* **Instructions for the task**:
Starting at the line that contains "Fotobehang Premium Canvas", return every line through the end of the data exactly, without pictures.
Stored data START
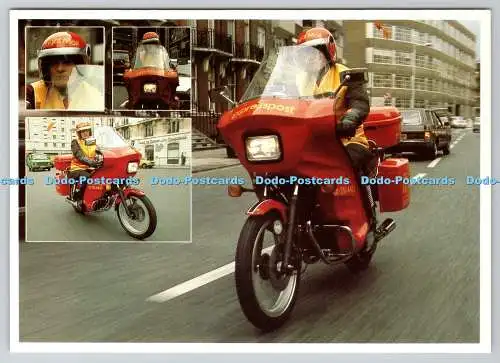 D323184 Expresspost Motorradfahrer in London. Das Haus Questa. London. A Post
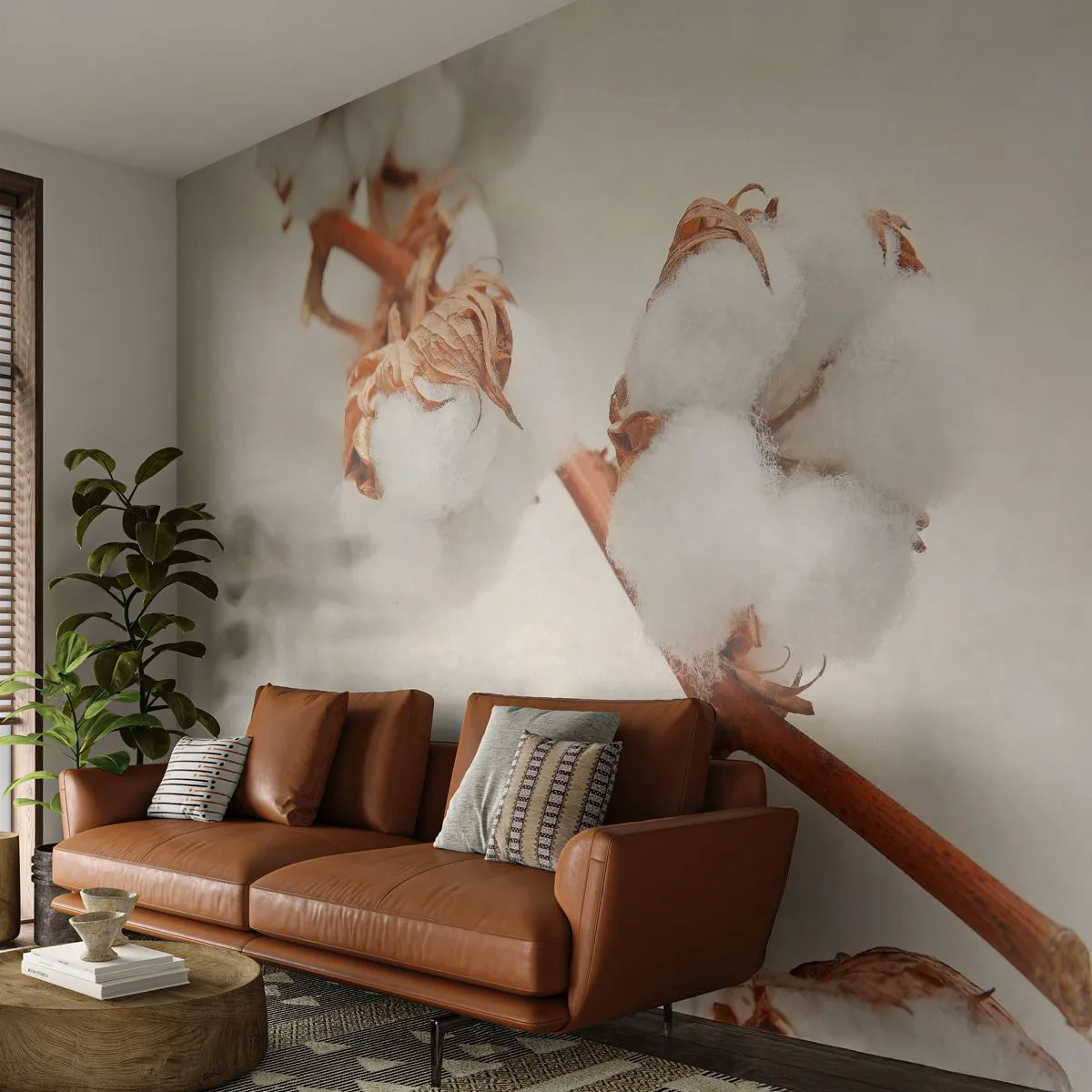 Fotobehang Premium Canvas - Gewoon een knuffel - Katoenen bloem, Bloem, Katoen takje - 100x70 cm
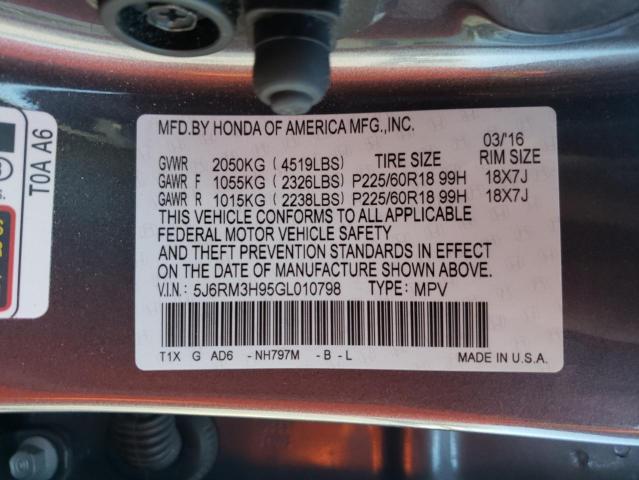 Photo 10 from auction – 2016 HONDA CR-V TOURI with VIN 5J6RM3H95GL010798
Stored data END
* **Written answer**:
 Fotobehang Premium Canvas - Gewoon een knuffel - Katoenen bloem, Bloem, Katoen takje - 100x70 cm
 Photo 10 from auction – 2016 HONDA CR-V TOURI with VIN 5J6RM3H95GL010798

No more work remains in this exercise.